[Data provided]:
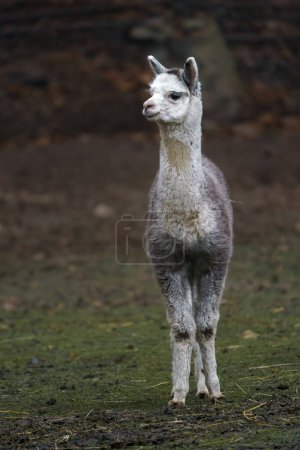 Foto de Portrait of Alpaca in zoo - Imagen libre de derechos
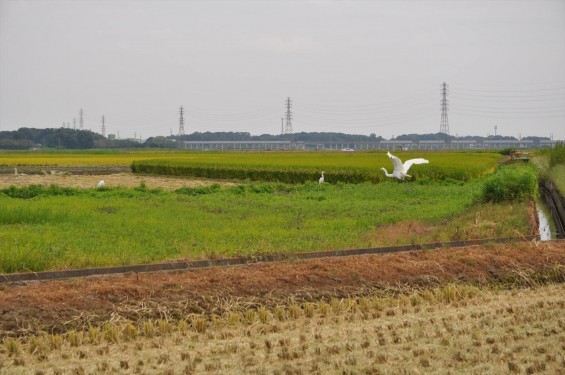 稲刈りと白鷺DSC_0103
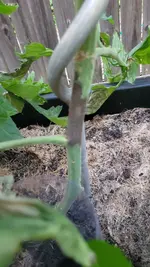 20240711_211922.webp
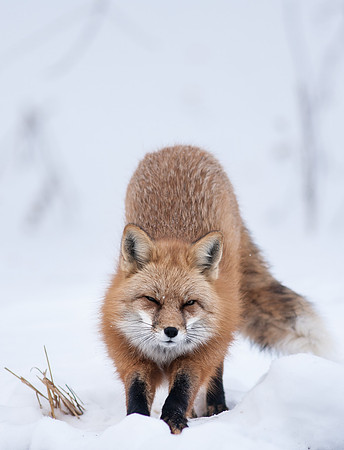 Snow Grumpy-7604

[Task brief]: Restate the material above exactly. Exclude all pictures.

[Final answer]:
 Foto de Portrait of Alpaca in zoo - Imagen libre de derechos
 稲刈りと白鷺DSC_0103
 20240711_211922.webp
 Snow Grumpy-7604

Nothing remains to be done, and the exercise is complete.